• Input

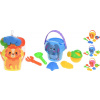 Formičky do piesku s vedierkom 6 ks mix Formičky do piesku s vedierkom 6 ks mix
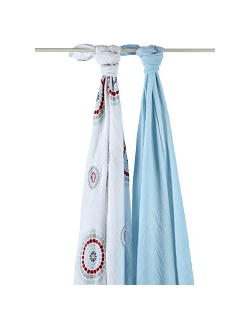 Aden&Anais набор 2 больших муслиновых пеленок, Liam the Brave (храбрый пес)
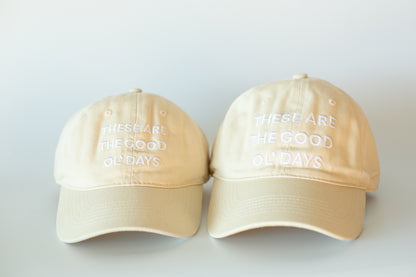 These Are the Good Ol' Days Baseball Cap | Child Size | Modern Burlap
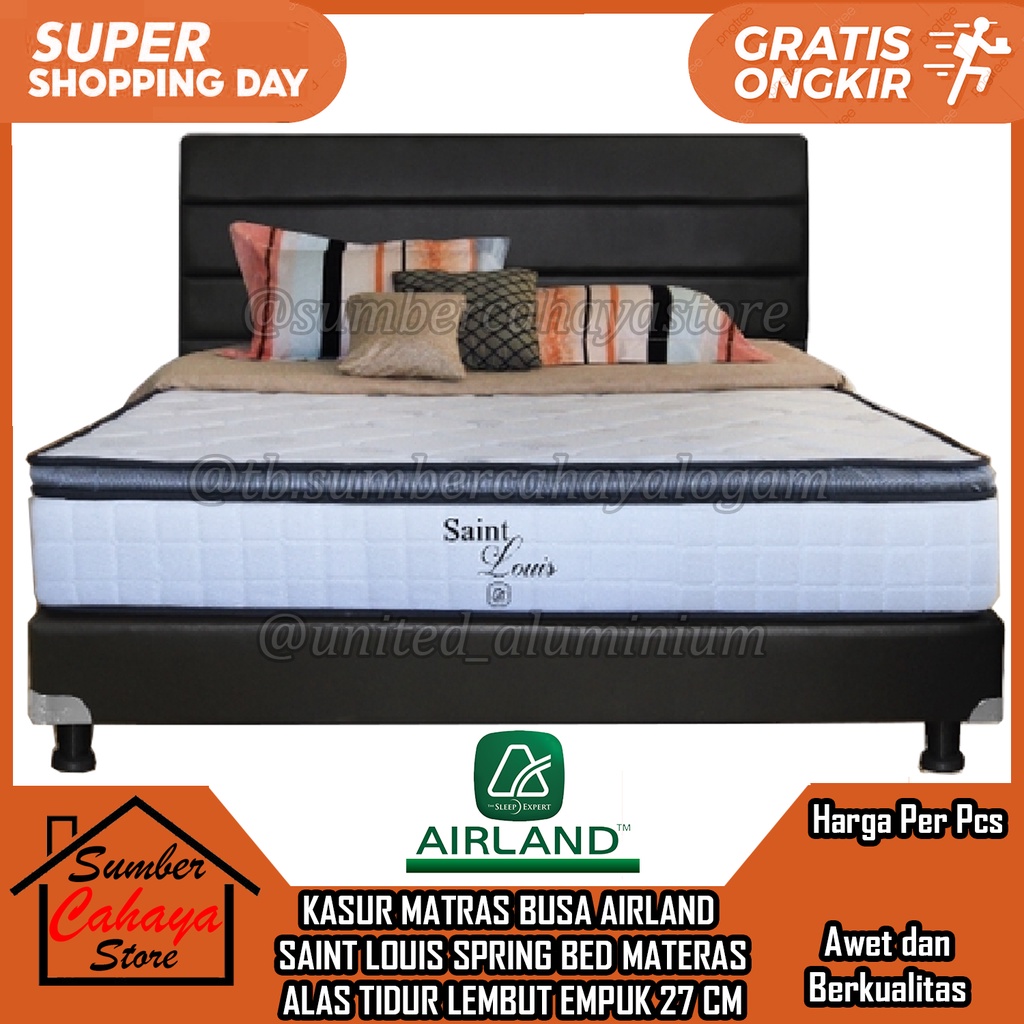 [Kargo] SPRINGBED AIRLAND SAINT LOUIS MATRAS MATERAS KASUR SPRING BED PILLOW TEMPAT TIDUR ALAS BUSA 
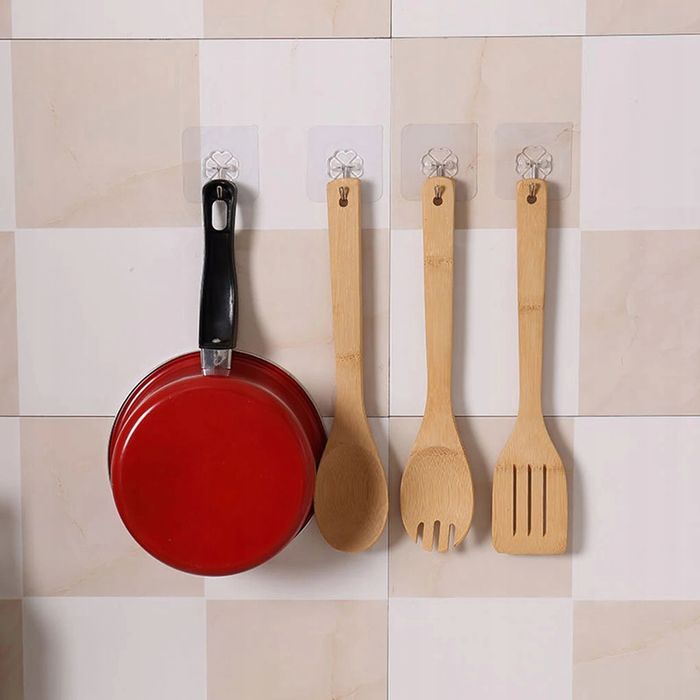 Zestaw samoprzylepnych wieszaków hak przezroczysty haczyk 12szt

• What you are asked to do
Which lines fall between the one containing "These Are the" and the last line of the listing, both included? Give them again exactly, without the pictures.

• Completed task
 These Are the Good Ol' Days Baseball Cap | Child Size | Modern Burlap
 [Kargo] SPRINGBED AIRLAND SAINT LOUIS MATRAS MATERAS KASUR SPRING BED PILLOW TEMPAT TIDUR ALAS BUSA 
 Zestaw samoprzylepnych wieszaków hak przezroczysty haczyk 12szt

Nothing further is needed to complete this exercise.